On 16 July 2014 the Office of Foreign Assets Control (OFAC) of the United States Department of the Treasury extended its Specially Designated Nationals List (the “SDN List”) with respect to the Ukrainian crisis. Additions have been made both to the general and to the sectoral parts.(http://www.treasury.gov/resource-center/sanctions/OFAC-Enforcement/Pages/20140716.aspx).
At the same time as additions were made to the SDN List, a list of sectoral sanctions was published targeting certain Russian entities (http://www.treasury.gov/ofac/downloads/ssi.pdf).
To the sectoral part of the list, which contains milder sanctions, major Russian enterprises from the energy sector (OAO Novatek and OAO Rosneft) and financial sector (OJSC Gazprombank and State Corporation Vnesheconombank) were added.
According to the Sectoral Sanctions Identifications List (the “SSI List”), it is prohibited for U.S. persons or persons within the United States to transact in, provide financing for, or otherwise deal in new debt of longer than 90 days maturity or new equity for entities listed in the sectoral part of the SDN List.

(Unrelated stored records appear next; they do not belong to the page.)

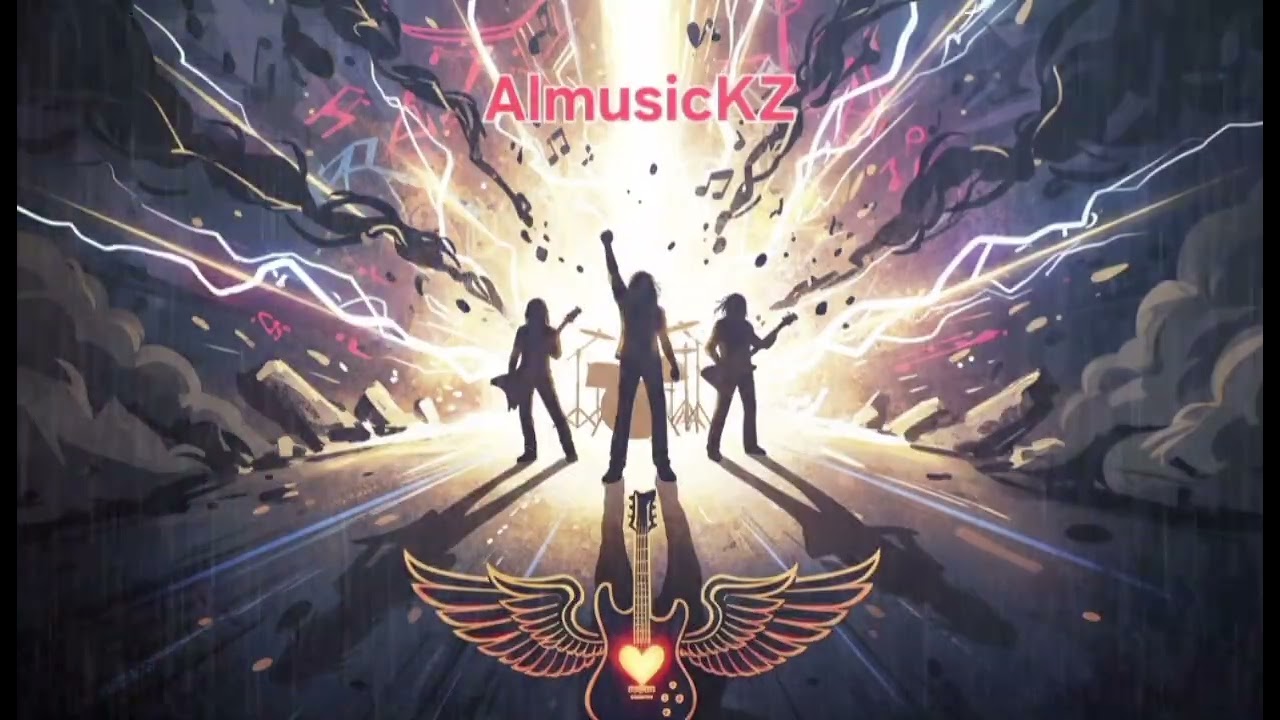 ИИ Рок, Феникс - AI Rock, Phoenix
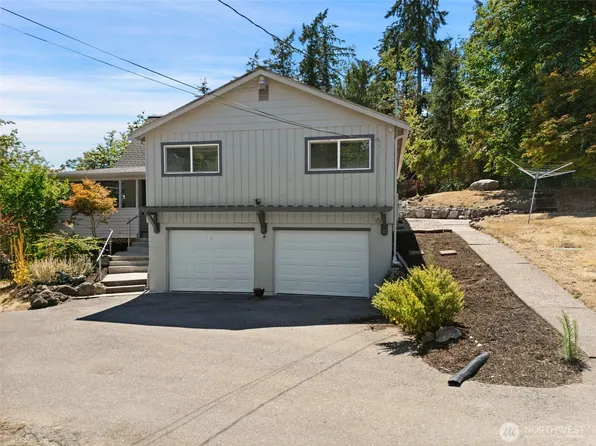 4683 W Sherman Heights Road, Bremerton, WA 98312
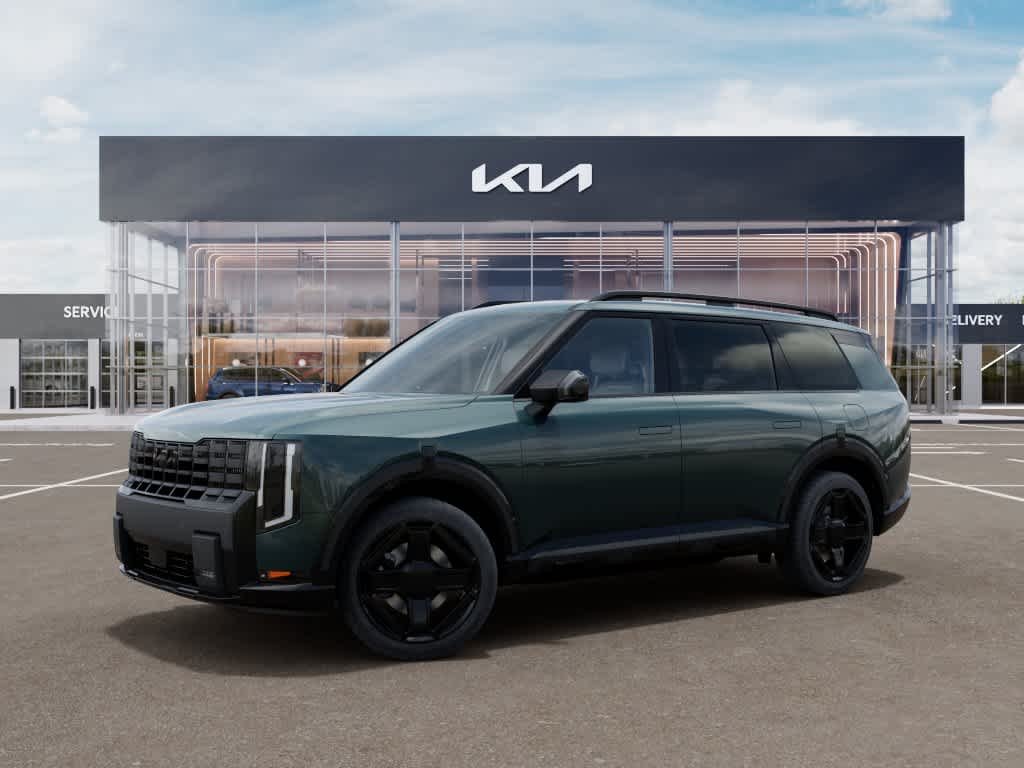 2027 Kia Telluride - Image 1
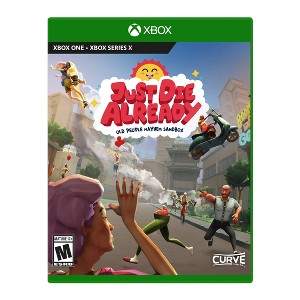 Just Die Already - Xbox One/Series X - 1 of 4
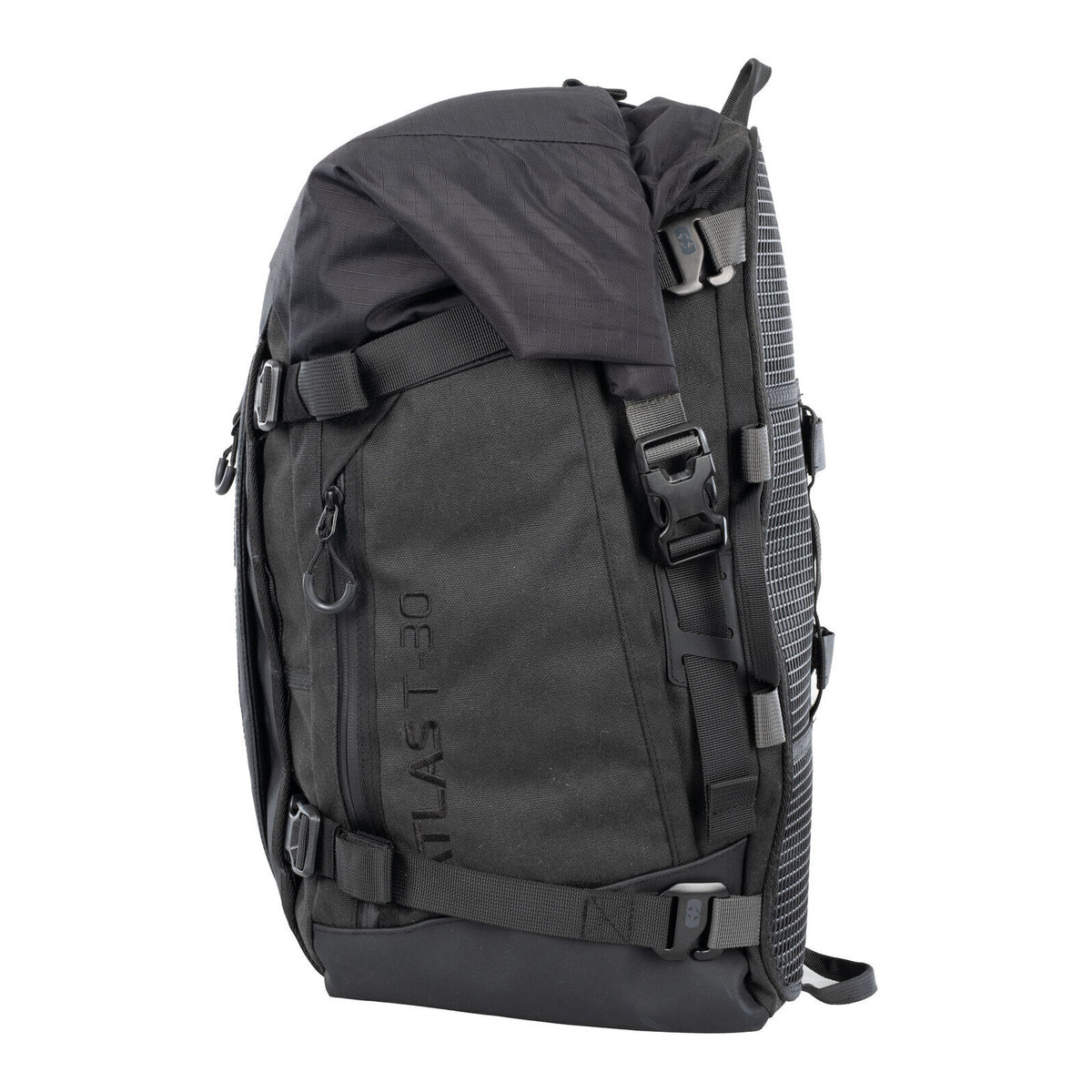 Oxford Atlas T-30 Advanced Tourpack - Black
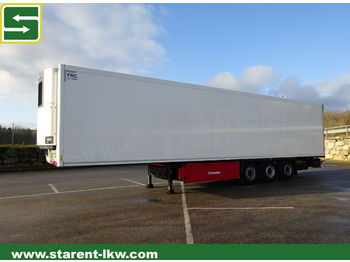 نصف مقطورة للتبريد Krone Carrier Vector 1550, Liftachse, SAF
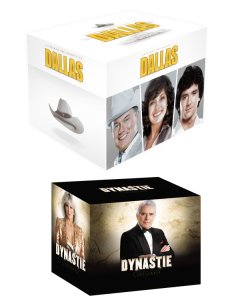 Dynastie contre Dallas : la guerre des intégrales pour Noël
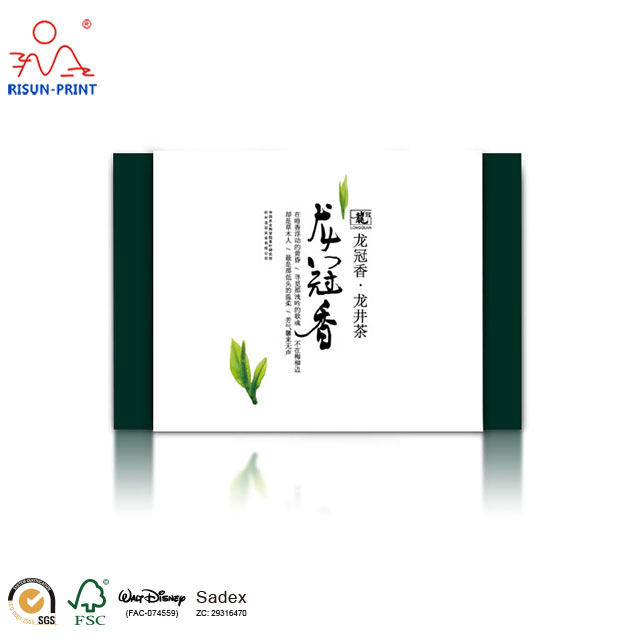 龍井茶禮盒高檔定制茶葉禮盒經(jīng)驗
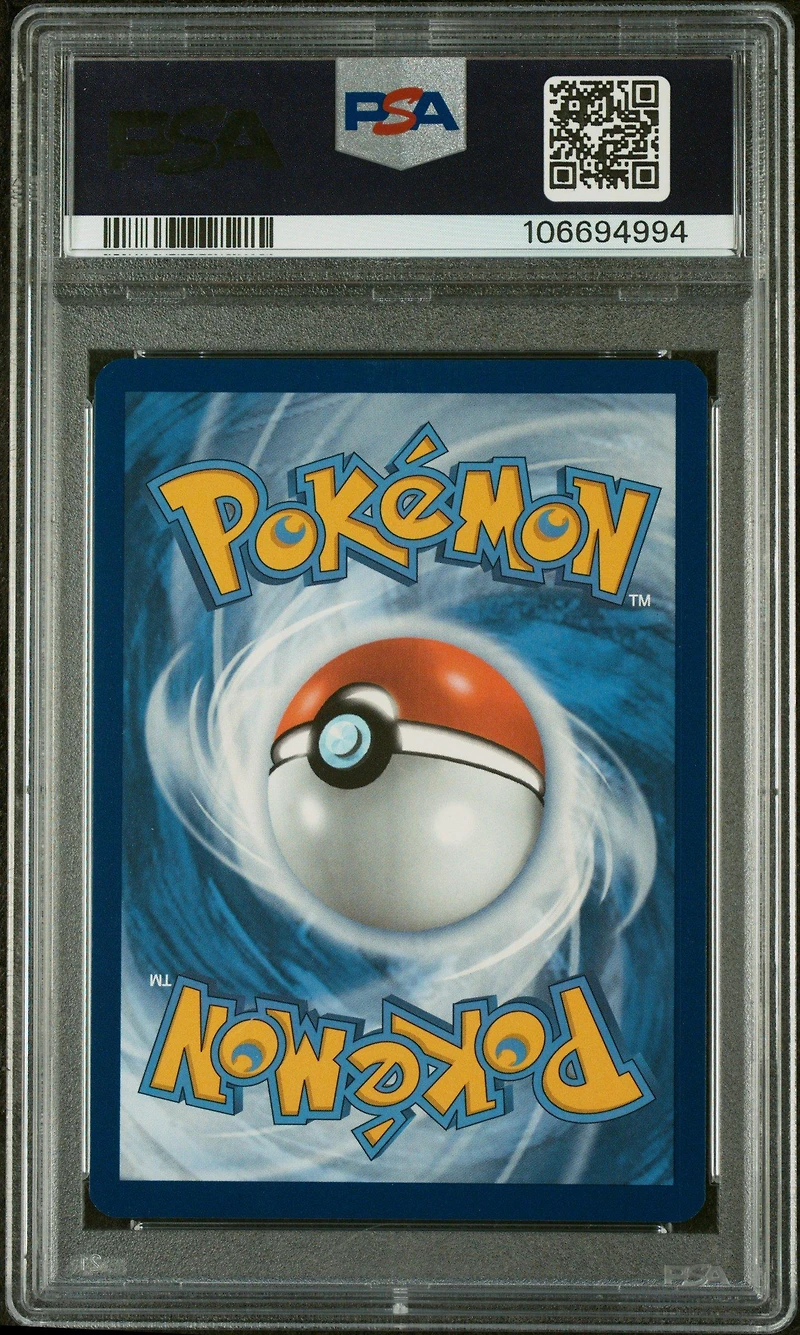 2024 Pokemon Twm En-twilight Masquerade 202 Bloodmoon Ursaluna Ex Ultra Rare PSA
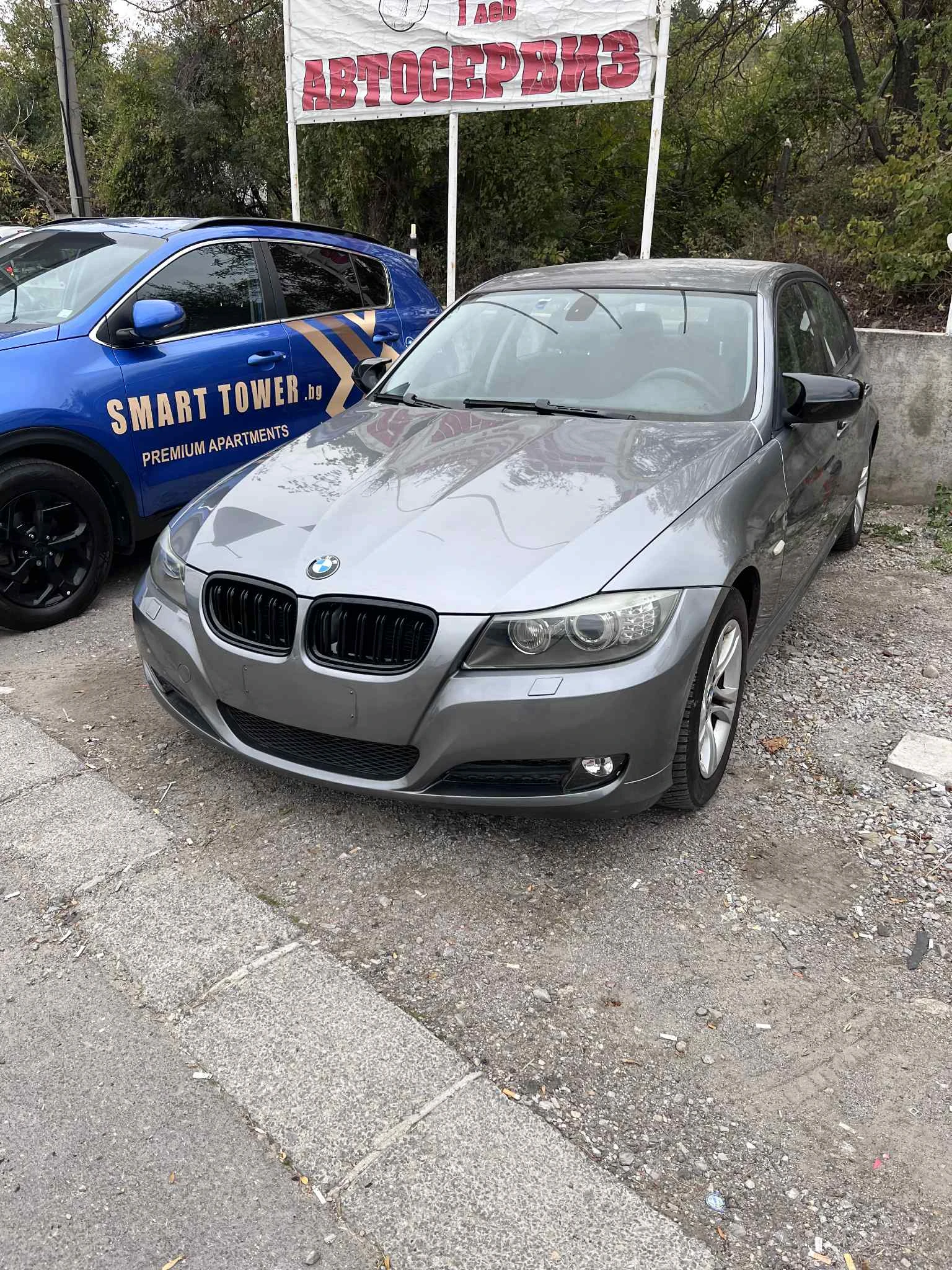 BMW 318 FACE - изображение 2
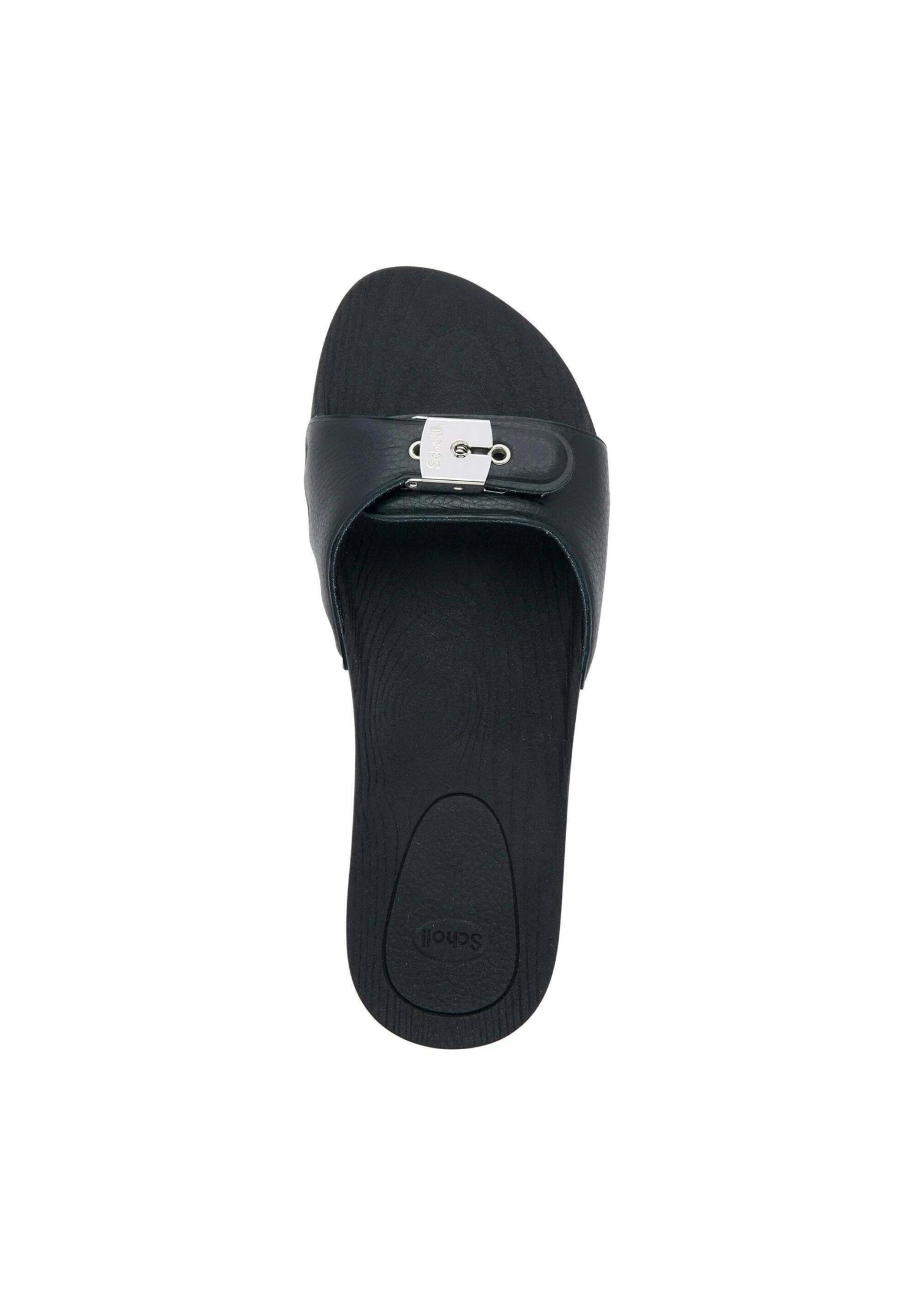 Scholl Pescura Pop - Chanclas De Baño - Black 5 Scholl Pescura Pop - Chanclas De Baño - Black - Imagen 3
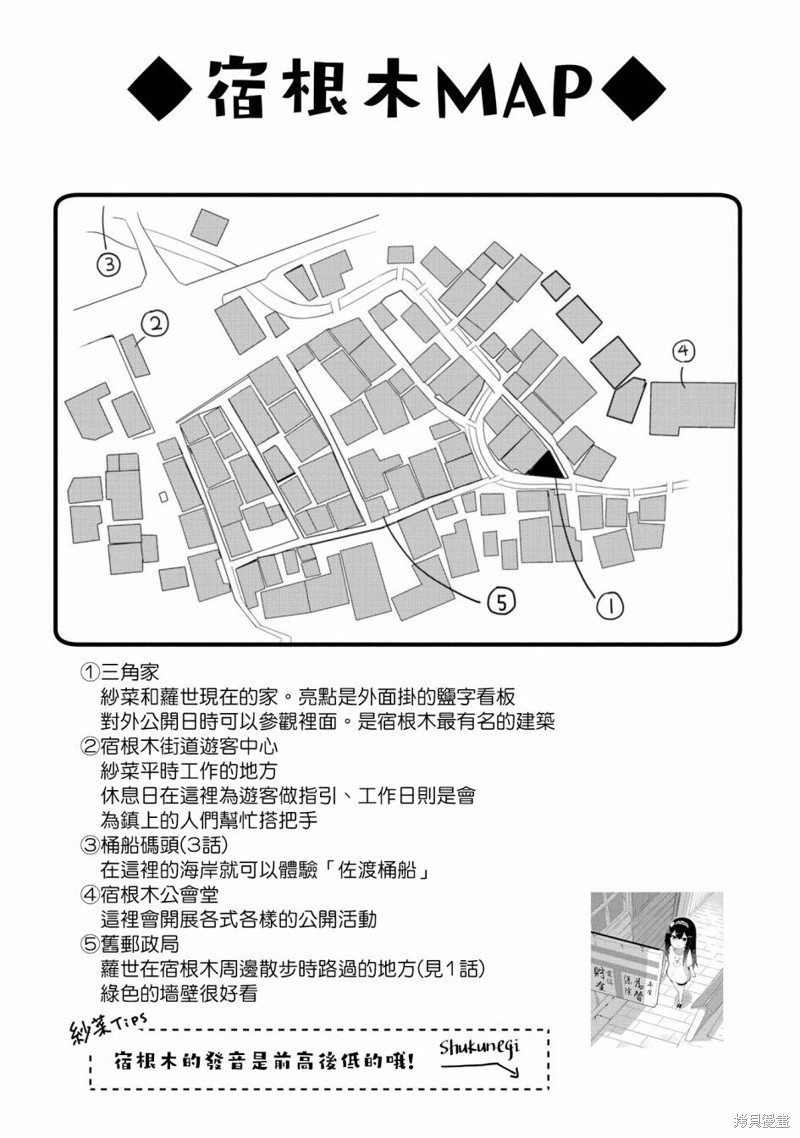 《魔法使萝世的佐渡求生记》01话彩页第7页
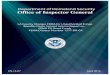 OIG – DS-13-07 LA County Charges FEMA for … County Charges FEMA for Unauthorized Fringe Beneits Costs: Second Interim Report on FEMA PA Grant Funds FEMA Disaster Number 1577-DR-CA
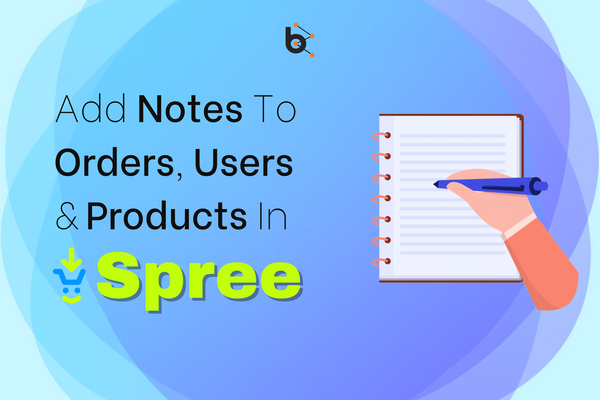 Add Notes To Orders, Users & products in Spree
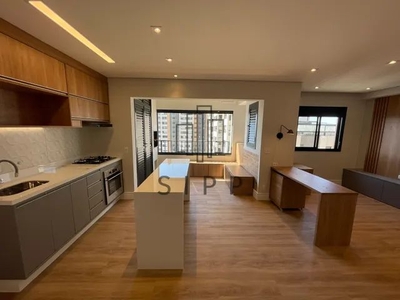 Apartamento para aluguel tem 51 metros quadrados com 1 quarto em Brás - São Paulo - SP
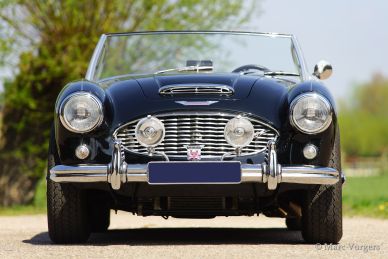 Austin Healey 3000 Mk I, 1959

The prohibition extends to the property and interests in property of these organisations.
According to the SSI List, debt obligations include: debentures, loans, granting credits, guarantees under a credit, letters of credit, issuing promissory notes, etc. Practically this means that access to the US capital markets for such companies is restricted.
Any other transactions with such companies are permitted, provided that such transactions are consistent with the earlier instructions of the Office of Foreign Assets Control.
The document does not envisage a freeze on the property or property rights of the entities which have been added to the sectoral part of the SDN List, but this does not cancel any freezing introduced by previous instructions.
Credit institutions are not prohibited to continue keeping correspondent accounts of such organisations or executing their settlement transactions in US dollars.
The sectoral sanctions also apply to companies if 50% or more of their capital is owned by the entities which have been added to the SSI List.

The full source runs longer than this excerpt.